23.3.1 The Experienced Robotic Colorectal Surgeon
A surgeon who has had extensive experience with (RCS), who has already mastered the learning curve, will likely make meaningful use of the robot if given the opportunity. At present, a handful of surgical oncology fellowships and colorectal residencies at specialized centers offer trainees a significant exposure to robotic TME for rectal cancer. Surgeons trained in these programs will likely seek out or be recruited to institutions with easy access to the da Vinci system and are uniquely qualified to build high-volume robotic rectal cancer practices early in their careers. Based on fellowship training, these surgeons can assemble dedicated OR teams, streamline equipment pick sheets, and establish protocols to maximize efficiency. Similarly, a surgeon who has already developed a robust robotic rectal cancer practice will be able to transfer these skills to a new institution if necessary. It is practical for surgeons with this level of experience, when working in a hospital that already owns a robot, to use the technology for this specific purpose.
Though unlikely, it is possible that in centers performing a high volume of robotic TME the application of robotics to segmental colectomy may bear some consideration. If highly efficient systems are in place to streamline robotic surgery across the spectrum, it may become easier and more efficient to use the robot for colectomy than to switch to conventional laparoscopy on a case-by-case basis. Recognizing that this will result in a higher per-case cost to the institution, it may help to reinforce existing protocols and maximize efficiency of all robotic surgery across the institution. However, for the reasons already stated, we find it unlikely that an experienced and skilled laparoscopic surgeon will find any advantage in using the robot for routine colectomy.

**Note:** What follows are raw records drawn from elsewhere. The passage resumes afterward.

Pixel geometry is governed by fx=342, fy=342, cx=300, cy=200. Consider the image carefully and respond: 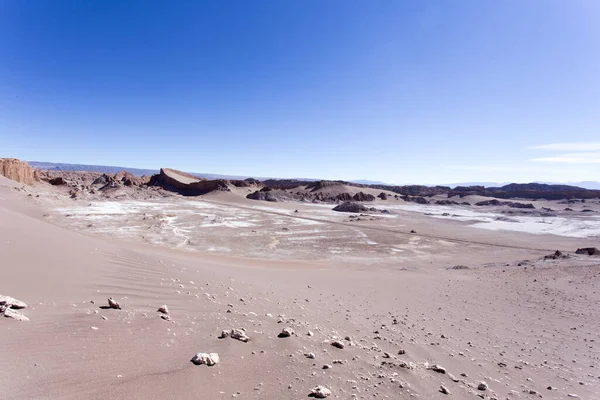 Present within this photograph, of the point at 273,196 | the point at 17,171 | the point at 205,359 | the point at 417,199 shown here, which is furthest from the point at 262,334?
the point at 417,199

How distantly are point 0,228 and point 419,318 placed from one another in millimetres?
8631

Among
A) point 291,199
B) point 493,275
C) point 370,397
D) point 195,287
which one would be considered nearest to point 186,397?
point 370,397

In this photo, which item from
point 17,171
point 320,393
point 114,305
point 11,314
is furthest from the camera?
point 17,171

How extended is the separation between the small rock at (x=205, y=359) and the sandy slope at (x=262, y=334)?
2.3 inches

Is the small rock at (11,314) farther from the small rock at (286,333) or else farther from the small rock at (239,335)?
the small rock at (286,333)

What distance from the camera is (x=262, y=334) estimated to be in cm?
414

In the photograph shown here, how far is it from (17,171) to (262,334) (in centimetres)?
4488

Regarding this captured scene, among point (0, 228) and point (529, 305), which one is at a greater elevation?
point (0, 228)

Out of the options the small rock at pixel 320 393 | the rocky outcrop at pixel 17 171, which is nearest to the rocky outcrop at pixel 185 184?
the rocky outcrop at pixel 17 171

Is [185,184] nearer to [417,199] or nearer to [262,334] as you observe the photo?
[417,199]

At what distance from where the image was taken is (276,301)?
6258 millimetres

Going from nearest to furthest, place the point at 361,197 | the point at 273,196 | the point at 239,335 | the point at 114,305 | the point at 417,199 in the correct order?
the point at 239,335
the point at 114,305
the point at 273,196
the point at 361,197
the point at 417,199

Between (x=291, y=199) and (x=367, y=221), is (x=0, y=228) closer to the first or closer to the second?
(x=367, y=221)

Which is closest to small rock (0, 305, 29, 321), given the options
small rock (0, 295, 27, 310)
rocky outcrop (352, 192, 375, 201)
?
small rock (0, 295, 27, 310) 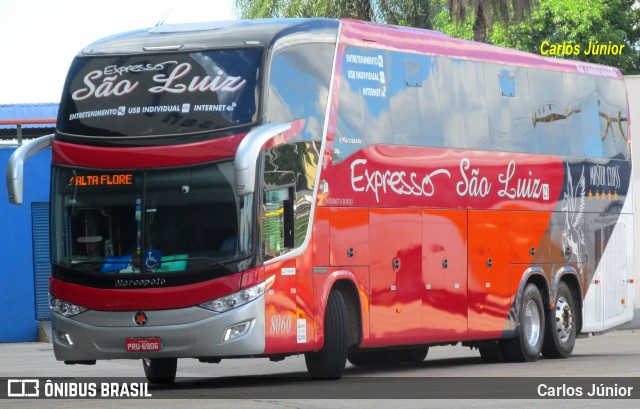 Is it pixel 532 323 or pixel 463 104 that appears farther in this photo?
pixel 532 323

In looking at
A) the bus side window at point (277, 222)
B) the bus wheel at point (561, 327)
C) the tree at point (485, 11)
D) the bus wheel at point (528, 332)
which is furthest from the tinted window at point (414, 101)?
the tree at point (485, 11)

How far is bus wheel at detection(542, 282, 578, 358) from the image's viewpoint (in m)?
23.1

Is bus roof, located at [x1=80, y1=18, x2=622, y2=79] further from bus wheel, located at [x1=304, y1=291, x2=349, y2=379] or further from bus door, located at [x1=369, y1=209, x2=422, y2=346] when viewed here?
bus wheel, located at [x1=304, y1=291, x2=349, y2=379]

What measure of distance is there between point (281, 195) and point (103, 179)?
1989mm

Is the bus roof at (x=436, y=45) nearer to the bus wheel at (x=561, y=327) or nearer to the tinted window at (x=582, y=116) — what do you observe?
the tinted window at (x=582, y=116)

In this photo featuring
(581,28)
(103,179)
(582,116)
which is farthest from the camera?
(581,28)

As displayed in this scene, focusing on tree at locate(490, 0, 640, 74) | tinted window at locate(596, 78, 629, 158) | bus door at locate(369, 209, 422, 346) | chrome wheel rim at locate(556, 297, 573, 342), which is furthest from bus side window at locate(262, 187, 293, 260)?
tree at locate(490, 0, 640, 74)

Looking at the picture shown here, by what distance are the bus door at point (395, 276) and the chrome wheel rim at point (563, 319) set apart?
4.36 metres

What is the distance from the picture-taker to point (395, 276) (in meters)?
19.1

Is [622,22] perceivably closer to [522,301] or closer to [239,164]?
[522,301]

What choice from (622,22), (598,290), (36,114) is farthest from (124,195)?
(622,22)

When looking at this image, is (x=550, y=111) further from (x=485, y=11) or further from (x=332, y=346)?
(x=485, y=11)

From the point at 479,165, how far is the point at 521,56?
238 cm

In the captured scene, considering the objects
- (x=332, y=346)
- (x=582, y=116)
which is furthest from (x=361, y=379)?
(x=582, y=116) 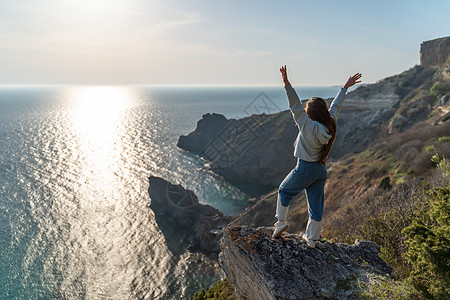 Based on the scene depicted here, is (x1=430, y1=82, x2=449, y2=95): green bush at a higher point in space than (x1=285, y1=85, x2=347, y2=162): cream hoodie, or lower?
higher

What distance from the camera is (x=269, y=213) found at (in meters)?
37.8

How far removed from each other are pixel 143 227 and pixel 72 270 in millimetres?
11251

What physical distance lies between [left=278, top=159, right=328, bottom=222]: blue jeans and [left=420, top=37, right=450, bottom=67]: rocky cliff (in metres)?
72.6

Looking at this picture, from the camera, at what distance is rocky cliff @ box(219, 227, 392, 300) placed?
5961 mm

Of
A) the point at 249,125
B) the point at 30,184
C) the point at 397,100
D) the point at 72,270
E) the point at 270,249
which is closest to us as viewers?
the point at 270,249

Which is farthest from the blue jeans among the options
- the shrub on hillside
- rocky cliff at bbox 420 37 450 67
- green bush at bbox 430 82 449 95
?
rocky cliff at bbox 420 37 450 67

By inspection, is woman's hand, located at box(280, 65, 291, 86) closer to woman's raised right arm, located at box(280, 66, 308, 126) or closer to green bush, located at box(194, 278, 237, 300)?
woman's raised right arm, located at box(280, 66, 308, 126)

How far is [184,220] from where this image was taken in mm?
43344

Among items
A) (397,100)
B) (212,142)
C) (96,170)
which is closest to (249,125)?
(212,142)

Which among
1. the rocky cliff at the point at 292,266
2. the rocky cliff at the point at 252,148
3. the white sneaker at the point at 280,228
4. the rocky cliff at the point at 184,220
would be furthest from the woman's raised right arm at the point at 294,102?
the rocky cliff at the point at 252,148

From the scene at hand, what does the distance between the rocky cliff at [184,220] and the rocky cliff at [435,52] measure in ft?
202

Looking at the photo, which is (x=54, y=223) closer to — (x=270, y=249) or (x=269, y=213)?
(x=269, y=213)

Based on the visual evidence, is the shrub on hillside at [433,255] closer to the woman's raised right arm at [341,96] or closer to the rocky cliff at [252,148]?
the woman's raised right arm at [341,96]

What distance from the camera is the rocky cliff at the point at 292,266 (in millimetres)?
5961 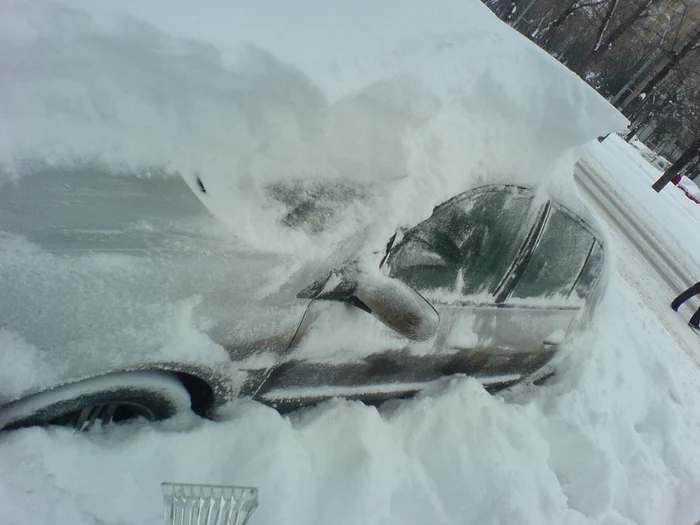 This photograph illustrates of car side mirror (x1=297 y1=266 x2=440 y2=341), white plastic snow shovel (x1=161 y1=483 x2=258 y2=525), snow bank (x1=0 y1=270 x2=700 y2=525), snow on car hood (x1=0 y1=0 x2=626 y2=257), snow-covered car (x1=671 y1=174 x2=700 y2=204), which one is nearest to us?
white plastic snow shovel (x1=161 y1=483 x2=258 y2=525)

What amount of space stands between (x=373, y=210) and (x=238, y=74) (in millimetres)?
749

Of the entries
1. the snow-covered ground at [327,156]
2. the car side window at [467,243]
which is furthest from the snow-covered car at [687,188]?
the car side window at [467,243]

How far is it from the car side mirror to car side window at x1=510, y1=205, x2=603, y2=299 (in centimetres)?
100

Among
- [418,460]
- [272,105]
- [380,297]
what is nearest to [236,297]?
[380,297]

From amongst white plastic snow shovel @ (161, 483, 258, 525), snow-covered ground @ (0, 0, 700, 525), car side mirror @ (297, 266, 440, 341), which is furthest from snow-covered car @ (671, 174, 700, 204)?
white plastic snow shovel @ (161, 483, 258, 525)

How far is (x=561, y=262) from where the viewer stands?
294 centimetres

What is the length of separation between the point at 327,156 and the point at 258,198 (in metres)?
0.33

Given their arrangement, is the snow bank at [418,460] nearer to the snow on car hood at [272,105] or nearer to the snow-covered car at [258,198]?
the snow-covered car at [258,198]

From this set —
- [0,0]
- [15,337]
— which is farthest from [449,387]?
[0,0]

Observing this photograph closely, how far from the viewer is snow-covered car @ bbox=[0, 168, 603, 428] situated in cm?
142

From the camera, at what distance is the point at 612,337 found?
169 inches

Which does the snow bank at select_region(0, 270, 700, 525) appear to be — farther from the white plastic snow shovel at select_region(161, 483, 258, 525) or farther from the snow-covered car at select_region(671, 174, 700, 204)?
the snow-covered car at select_region(671, 174, 700, 204)

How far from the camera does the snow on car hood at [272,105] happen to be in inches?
59.4

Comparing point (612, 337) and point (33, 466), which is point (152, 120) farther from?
point (612, 337) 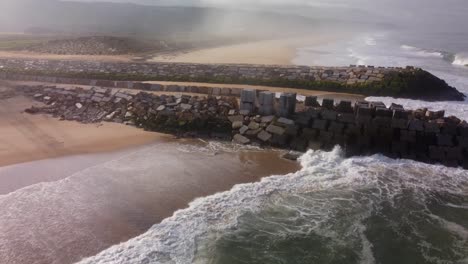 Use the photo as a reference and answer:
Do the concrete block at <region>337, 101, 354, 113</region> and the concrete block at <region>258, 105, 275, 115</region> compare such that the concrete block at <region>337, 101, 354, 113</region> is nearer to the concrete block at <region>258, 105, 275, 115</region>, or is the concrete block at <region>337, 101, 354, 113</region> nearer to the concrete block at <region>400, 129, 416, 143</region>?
the concrete block at <region>400, 129, 416, 143</region>

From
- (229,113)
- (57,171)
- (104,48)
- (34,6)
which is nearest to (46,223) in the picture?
(57,171)

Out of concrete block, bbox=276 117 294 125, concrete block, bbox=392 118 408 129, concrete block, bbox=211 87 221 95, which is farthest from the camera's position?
concrete block, bbox=211 87 221 95

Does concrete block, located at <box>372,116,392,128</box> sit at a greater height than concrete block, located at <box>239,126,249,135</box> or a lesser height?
greater

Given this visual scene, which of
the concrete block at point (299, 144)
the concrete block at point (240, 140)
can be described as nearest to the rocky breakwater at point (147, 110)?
the concrete block at point (240, 140)

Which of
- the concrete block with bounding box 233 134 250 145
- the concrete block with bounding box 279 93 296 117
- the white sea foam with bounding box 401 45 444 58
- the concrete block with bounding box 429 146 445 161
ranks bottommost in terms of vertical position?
the concrete block with bounding box 233 134 250 145

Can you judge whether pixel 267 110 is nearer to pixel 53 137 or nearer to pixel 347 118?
pixel 347 118

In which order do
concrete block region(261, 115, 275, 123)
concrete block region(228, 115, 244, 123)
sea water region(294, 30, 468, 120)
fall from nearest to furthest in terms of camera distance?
concrete block region(261, 115, 275, 123), concrete block region(228, 115, 244, 123), sea water region(294, 30, 468, 120)

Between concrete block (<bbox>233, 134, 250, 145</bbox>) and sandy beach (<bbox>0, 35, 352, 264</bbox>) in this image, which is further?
concrete block (<bbox>233, 134, 250, 145</bbox>)

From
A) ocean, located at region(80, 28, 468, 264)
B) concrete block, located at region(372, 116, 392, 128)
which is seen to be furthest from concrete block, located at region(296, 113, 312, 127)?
concrete block, located at region(372, 116, 392, 128) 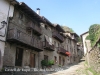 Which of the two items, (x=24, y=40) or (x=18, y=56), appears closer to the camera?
(x=24, y=40)

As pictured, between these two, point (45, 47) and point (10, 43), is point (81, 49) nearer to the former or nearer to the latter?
point (45, 47)

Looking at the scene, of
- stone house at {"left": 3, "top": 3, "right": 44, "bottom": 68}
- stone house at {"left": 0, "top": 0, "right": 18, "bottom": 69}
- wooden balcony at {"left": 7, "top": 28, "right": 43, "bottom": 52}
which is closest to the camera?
stone house at {"left": 0, "top": 0, "right": 18, "bottom": 69}

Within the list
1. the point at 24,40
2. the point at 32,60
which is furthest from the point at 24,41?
the point at 32,60

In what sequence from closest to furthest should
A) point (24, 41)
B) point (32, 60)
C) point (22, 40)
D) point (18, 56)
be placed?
point (22, 40), point (24, 41), point (18, 56), point (32, 60)

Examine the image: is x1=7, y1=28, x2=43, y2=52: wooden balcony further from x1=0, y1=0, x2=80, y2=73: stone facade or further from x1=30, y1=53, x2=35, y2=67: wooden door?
x1=30, y1=53, x2=35, y2=67: wooden door

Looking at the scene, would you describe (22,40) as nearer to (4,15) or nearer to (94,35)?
(4,15)

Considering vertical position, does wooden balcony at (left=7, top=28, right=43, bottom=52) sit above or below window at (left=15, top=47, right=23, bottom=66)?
above

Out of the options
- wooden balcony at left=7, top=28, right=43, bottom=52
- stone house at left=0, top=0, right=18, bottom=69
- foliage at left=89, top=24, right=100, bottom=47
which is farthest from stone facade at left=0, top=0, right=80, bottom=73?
foliage at left=89, top=24, right=100, bottom=47

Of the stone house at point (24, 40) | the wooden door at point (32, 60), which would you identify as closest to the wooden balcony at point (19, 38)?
the stone house at point (24, 40)

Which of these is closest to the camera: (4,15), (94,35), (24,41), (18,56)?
(4,15)

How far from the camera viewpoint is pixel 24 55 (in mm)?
17156

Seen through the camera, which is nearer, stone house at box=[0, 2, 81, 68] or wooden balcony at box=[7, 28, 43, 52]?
wooden balcony at box=[7, 28, 43, 52]

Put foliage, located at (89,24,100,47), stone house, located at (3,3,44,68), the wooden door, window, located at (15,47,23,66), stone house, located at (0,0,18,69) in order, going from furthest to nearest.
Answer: the wooden door
window, located at (15,47,23,66)
stone house, located at (3,3,44,68)
stone house, located at (0,0,18,69)
foliage, located at (89,24,100,47)

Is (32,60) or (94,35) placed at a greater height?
(94,35) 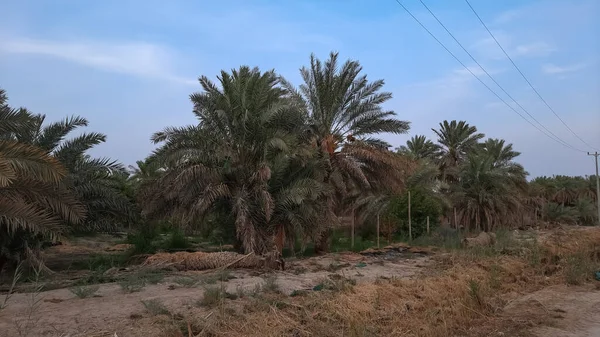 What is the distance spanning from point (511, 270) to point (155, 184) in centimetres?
1249

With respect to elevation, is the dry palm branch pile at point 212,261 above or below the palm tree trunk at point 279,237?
below

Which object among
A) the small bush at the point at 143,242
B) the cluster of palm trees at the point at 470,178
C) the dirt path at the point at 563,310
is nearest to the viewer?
the dirt path at the point at 563,310

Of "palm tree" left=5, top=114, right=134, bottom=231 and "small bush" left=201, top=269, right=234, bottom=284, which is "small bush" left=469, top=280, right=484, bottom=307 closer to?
"small bush" left=201, top=269, right=234, bottom=284

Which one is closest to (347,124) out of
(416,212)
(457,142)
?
(416,212)

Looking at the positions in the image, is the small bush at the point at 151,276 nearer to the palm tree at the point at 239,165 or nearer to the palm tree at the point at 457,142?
the palm tree at the point at 239,165

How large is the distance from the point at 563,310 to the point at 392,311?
4.91 metres

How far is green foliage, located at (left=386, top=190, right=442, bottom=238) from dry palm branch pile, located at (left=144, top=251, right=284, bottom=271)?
788 inches

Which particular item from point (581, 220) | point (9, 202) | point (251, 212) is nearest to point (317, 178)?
point (251, 212)

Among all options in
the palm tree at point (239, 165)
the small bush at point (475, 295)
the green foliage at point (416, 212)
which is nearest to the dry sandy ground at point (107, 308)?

23.3.2 The Experienced Laparoscopic Colorectal Surgeon
For experienced surgeons routinely performing both colon and rectal operations laparoscopically, the adoption of robotics should be strongly scrutinized prior to consideration. In the hands of an expert surgeon, LCS is extremely safe and highly efficient. With the refinements of modern laparoscopic instrumentation, the da Vinci system offers a few alluring features but little true advantage to proficient laparoscopic surgeons. For these surgeons the robot may be safe and feasible, as well as fun and exciting, but it is certain to be more expensive and time-consuming than a procedure they already do quite well. Akin to the general surgeon using the robot to remove a gallbladder, we must be careful not to let the lure of a new toy drive us away from what already works.